The Supreme Court has upheld the administration’s power to terminate Temporary Protected Status and turn back asylum seekers, significantly broadening executive control over federal border and residency mandates.
The Supreme Court of the United States issued landmark rulings this week that fundamentally shift the balance of power regarding federal immigration enforcement. In a 6-3 decision on June 25, 2026, the Court greenlit the ‘metering’ policy, asserting the executive branch may turn back asylum seekers before they reach U.S. soil. This ruling in Mullin v. Al Otro Lado rejected statutory challenges to non-inspection at ports of entry, narrowing the path for those fleeing persecution. The dissent warned the decision effectively slams the door shut on individuals seeking legal protection.

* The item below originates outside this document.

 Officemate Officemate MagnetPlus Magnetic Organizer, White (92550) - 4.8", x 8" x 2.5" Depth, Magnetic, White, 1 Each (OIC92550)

Simultaneously, the Court’s ruling in Mullin v. Doe insulated the Department of Homeland Security from most judicial reviews concerning the termination of Temporary Protected Status (TPS). By lifting prior injunctions that paused the removal of protections for nationals from Haiti and Syria, the Court cleared the way for enforcement. While a one-month transition window remains, approximately 350,000 Haitians and 6,000 Syrians face the loss of work authorization. Advocates warn this precedent could expose up to 1 million TPS holders across 17 countries to deportation, despite a quiet extension for Lebanon through November 2026.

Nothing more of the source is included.